Kay Oleander hört Stimmen von zwei Männern. Ein Streit. Er schaut nach. In diesem Augenblick gehen die beiden auf ihn los und schlagen ihn zusammen. Vielleicht hätten sie ihn umgebracht, wenn nicht der skurrile Nachbar Gustav Ringseis dazwischen gegangen wäre. Ihm fielen die Fremden auf, die eine halbe Stunde lang herumlungerten und in dem Augenblick scheinbar einen Streit anfingen, in dem der halbblinde Polizist aus dem Auto stieg. Er schleppt Kay Oleander in dessen Wohnung und kümmert sich um ihn.

Trotz allem besteht Kay Oleander darauf, am nächsten Abend mit seinem Kollegen erneut zu der Gaststätte zu fahren. Während Arno Gillis im Auto bleibt, um den Hinterausgang beobachten zu können, setzt sich Kay Oleander wieder in die Gaststube. Weil der Wirt Alexander („Alex“) Nolte mit der geschlossenen Gesellschaft im Nebenzimmer ist, serviert die Kellnerin Geli das Bier.

Zur mit Holger Kranich vereinbarten Zeit betritt Silvia Glaser das Lokal, klopft an die Tür zum Nebenzimmer und geht hinein.

Eineinhalb Stunden später schickt sie Kay Oleander eine SMS. Sie teilt ihm mit, dass von „Nine Eleven“ die Rede gewesen sei und Holger Kranich sie in Kürze nach Hause fahren werde.

„Nine Eleven“ bedeutet in diesem Fall vermutlich nicht 11. September, sondern 9. November. Zur Feier des Jahrestages der Grundsteinlegung für den Bau des Jüdischen Zentrums am St.-Jakobs-Platz werden Honoratioren wie der Bundespräsident erwartet. Soll da ein Attentat stattfinden? Bei der Grundsteinlegung am 9. November 2003 hatte die Polizei einen Sprengstoffanschlag verhindern können.

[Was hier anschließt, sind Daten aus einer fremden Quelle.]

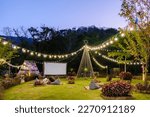 Outdoor cinema film in a...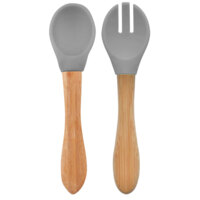 Ложка та виделка силіконові MinikOiOi Dig In Powder Grey (101060057) 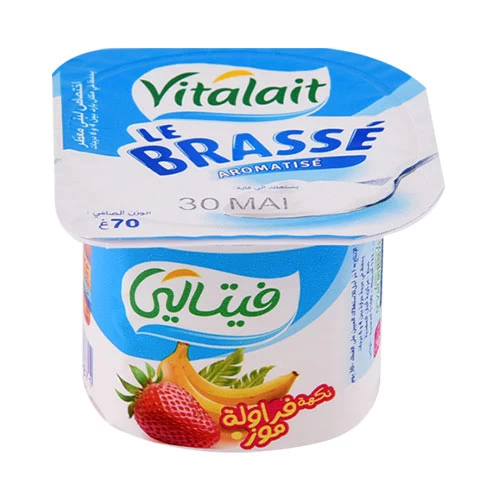 Yaourt Brassé Fraise Banane VITALAIT 70Gr
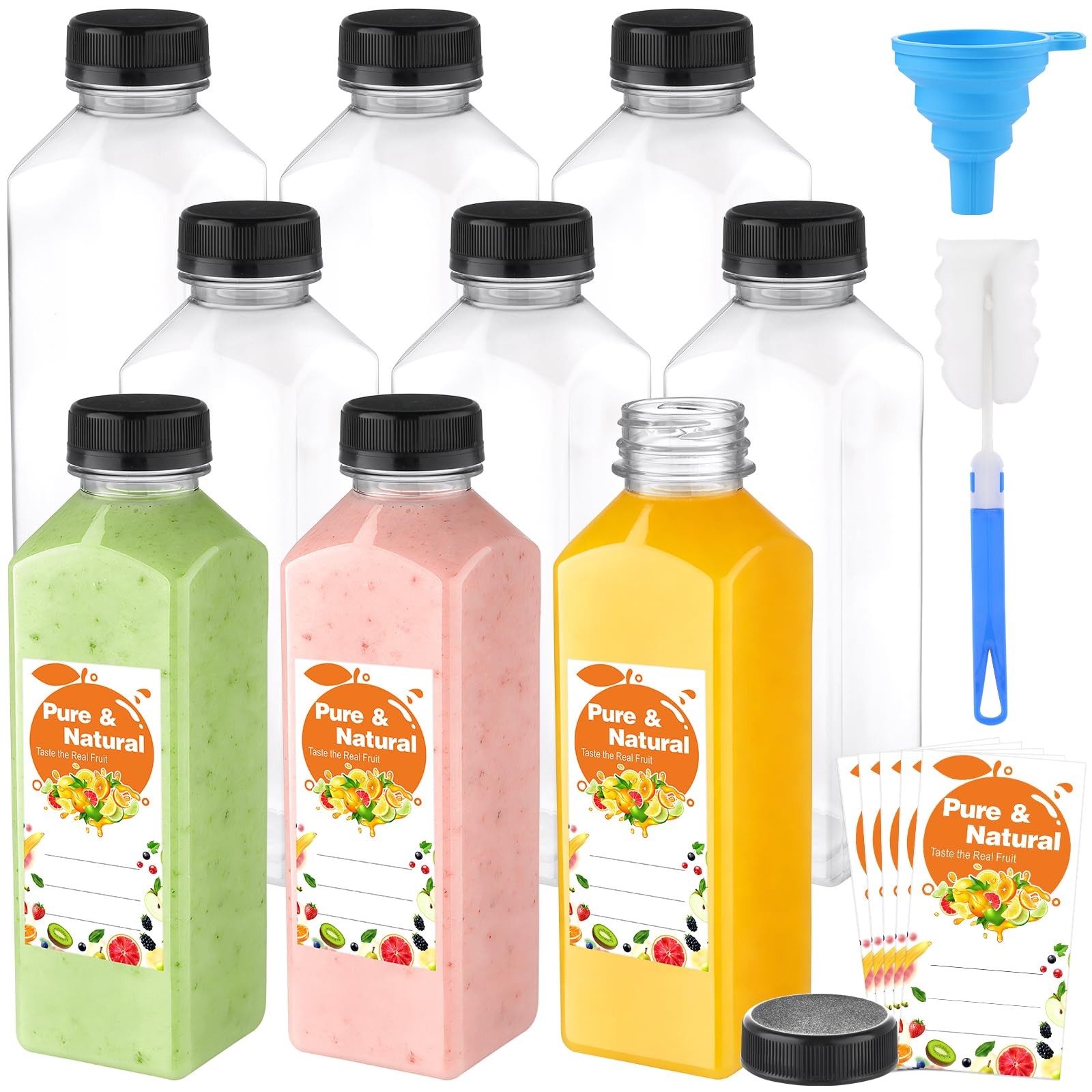 36 Pack 16oz Plastic Juice Bottles with Caps, Empty Reusable Bottles for Juic…
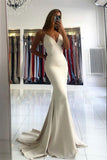 Sexy Mermaid V-Neck Ivory Satin Prom Dresses Formal Gowns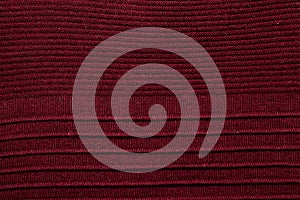 Texture of blue knitted fabric, close-up, top view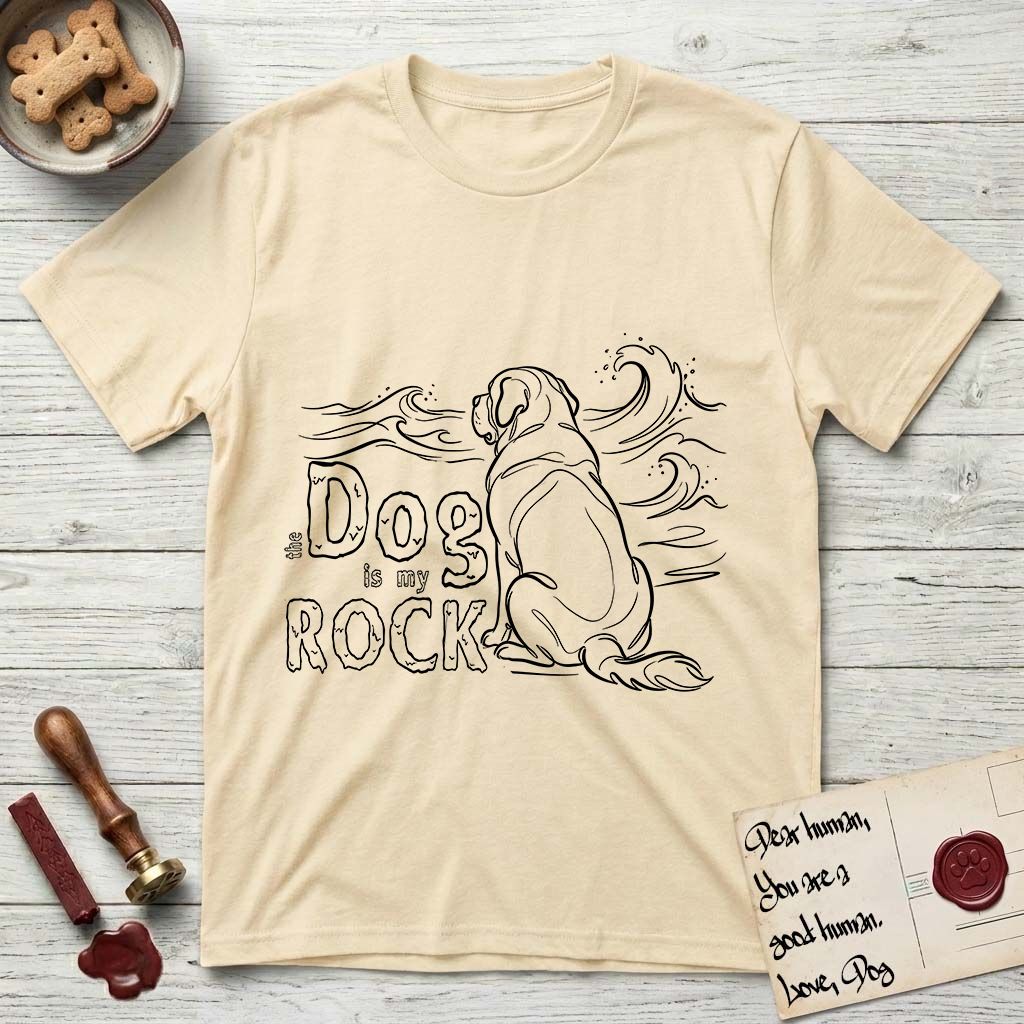 DIMR Saint Bernard T-Shirt flat lay in Natural, featuring ink-line illustration of a Saint Bernard seen from behind, sitting at the water's edge and watching a stormy sea, with the words the Dog is my Rock.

Als die Teilnehmer der Versammlung die Gaststätte verlassen, versucht Kay Oleander, den Wirt auszuhorchen, erfährt aber nichts Neues. Arno Gillis teilt ihm per SMS mit, dass er Holger Kranich wie abgesprochen gefolgt sei und beobachtet habe, wie Silvia Glaser unbehelligt ins Haus gegangen sei. Schließlich lässt sich Kay Oleander von Geli ein Taxi rufen.

Showdown

Vor dem Mietshaus, in dem sich Silvia Glasers Wohnung befindet, blinken Blaulichter. Kay Oleander zückt seinen Dienstausweis und erfährt von einem der Polizisten, dass eine Frau noch vom Balkon um Hilfe geschrien habe, bevor sie zusammengebrochen sei.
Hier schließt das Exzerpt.